Here’s the thing. Most of my generation felt a strong attachment to JP2. And that’s fine. I think he was wonderful. He was holy. He did many great and much needed things. But I never felt a particular closeness to him.
Benedict, though, drew me in. He’s my Pope. I look at pictures of him, and just want to settle in and start chatting about all of the weird moral theology conundrums I like to think about, but will divulge to no one because they would think I am crazy. Seriously.
I love what he writes, and how he writes. I love the humor he seems to have. I love his weird hats and odd shoes and mischievous smile.
I love rolling the phrase Deus Caritas Est around in my head. It’s a message for the world; it’s a message for me to remind myself of every day. God is love.
Spe Salvi. Don’t tell my parents, but that message embedded itself so firmly in me that it’s tattooed on the inside of my left ankle. In hope we are saved. Just think about that for a moment.
And then there was the time I was in Rome, in St. Peter’s Square as Benedict led the Angelus. I was near the back of the crowd, since, as usual, I had arrived late. In utter contentment I surveyed the crowd around me. Nuns. Little kids. Smiling priests. Yammering Italians. And…
Oh. Whaaat? Are you kidding me? At the back of the square and off to one side was a biker gang. I kid you not. Huge Harleys. Leather tassels everywhere. Bandanas. Goatees. Bleached blond hair. Crazy weird tattoos. They were the real deal and, man alive, were they ever scary looking.
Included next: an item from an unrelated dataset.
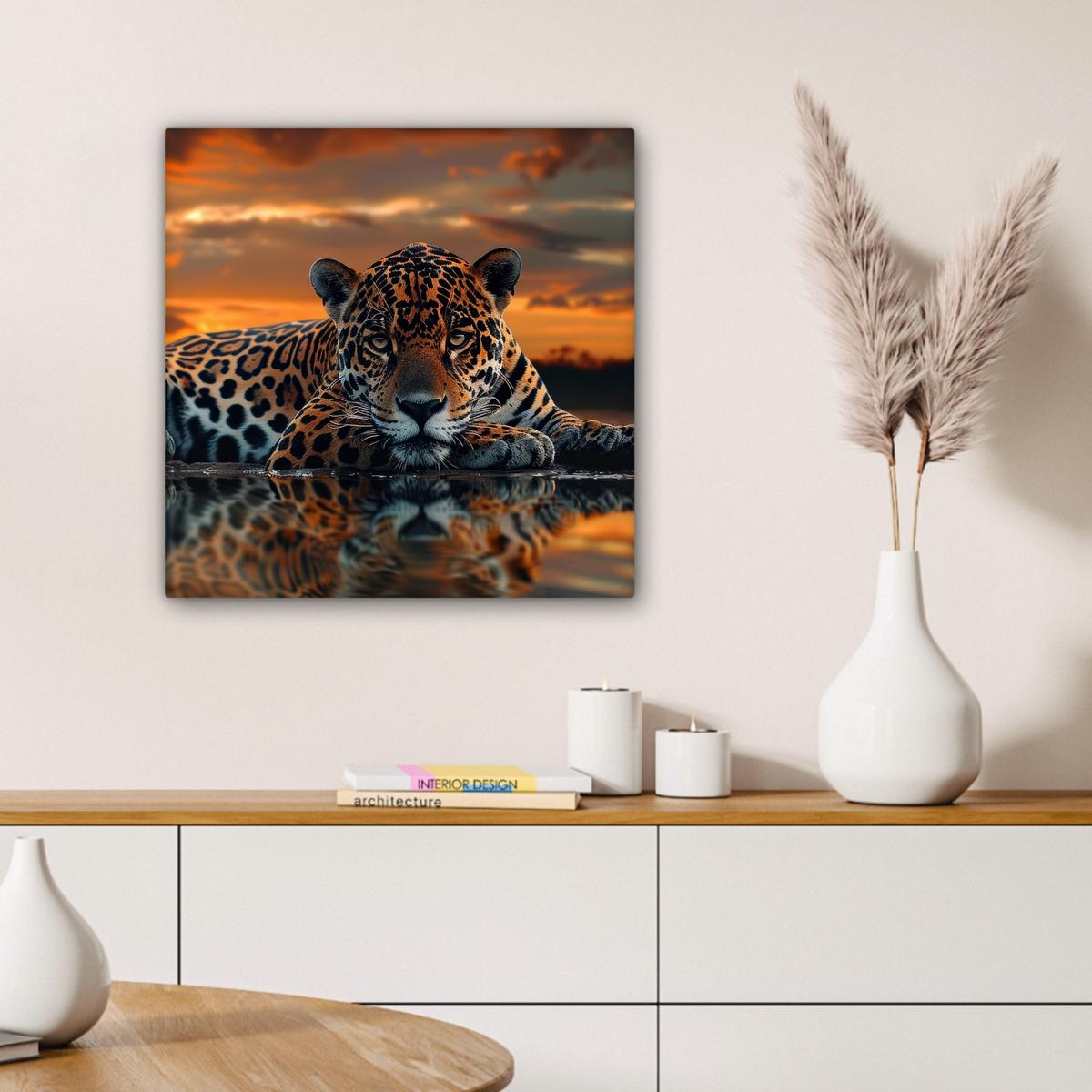 LEINWANDBILD Natur - Leopard - Tier - Sonnenuntergang - Modern Wandbild Wohnzimmer 50x50 cm - Orange, Textil (50/50cm) - MuchoWow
And there were so many of them.
In one heart-stopping moment I became convinced that they were there to invade the Vatican and kill my Pope. I looked around frantically. Where are the Swiss Guards when a girl needs them?! I needed to faint in the arms of one, that’s for sure, but the rest could be left to deal with the bikers.
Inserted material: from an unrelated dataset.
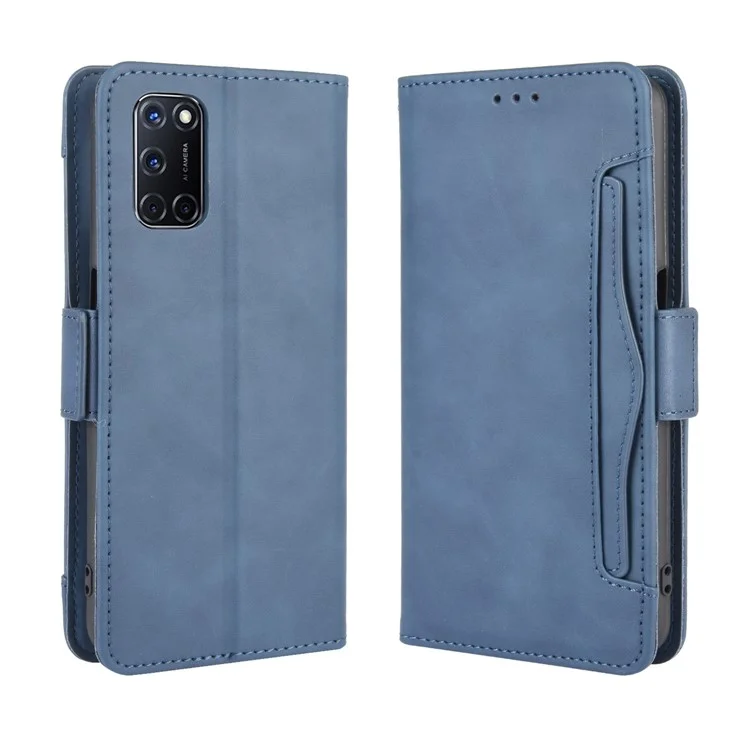 Wallet Stand Flip Leather Protective Case for OPPO A52/A72/A92 - Blue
Then, as the Pope made a final wave and started to turn and go into his apartments, a deep roar began to swell around the square. It got louder and louder and louder and louder.
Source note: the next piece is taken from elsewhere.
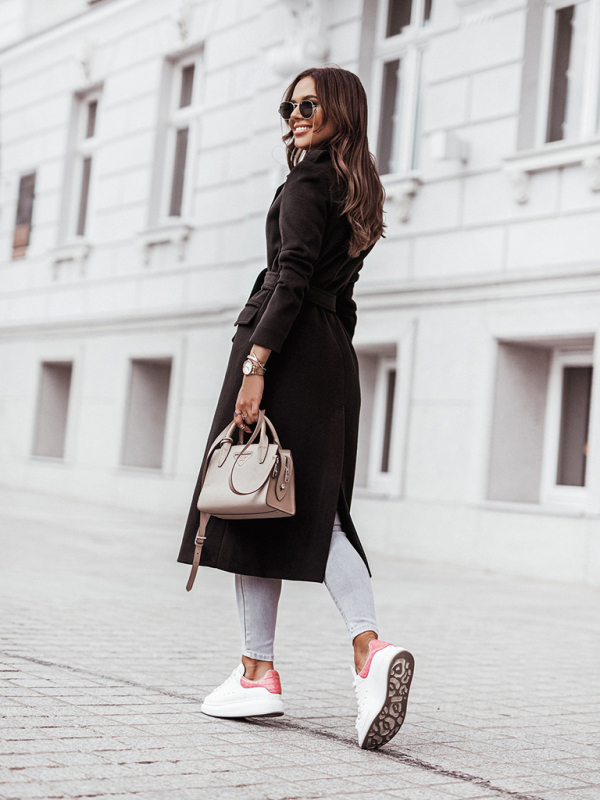 Autumn and winter simple long-sleeved V-neck tie jacket for women - Image 14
The bikers were revving their engines for the Pope. Their smiling faces and transparent excitement was in such contrast to their menacing (to this white girl, at least) exteriors, that I’m not lying: It was one of the most oddly beautiful things I have ever seen.
That one moment was symbolic of something Benedict fought so strongly for: unity. He really did try to bring everyone together.
He put an arm around the Anglicans and welcomed them back home and nodded over to the SSPX, making a move to heal the rifts.
Those glowing nuns, those energetic young seminarians, the rowdy kids, the frazzled parents, the people of every color and age, those scary looking bikers, the psychotic girl in pursuit of a Swiss Guard: on that day, as on all others, his outstretched arms welcomed everyone. His smile enveloped the whole crowd.
But that’s not the only thing. Guess what he did when the bikers got his attention?
Well, from where I stood, it looked an awful lot like the Pope gave a fist pump.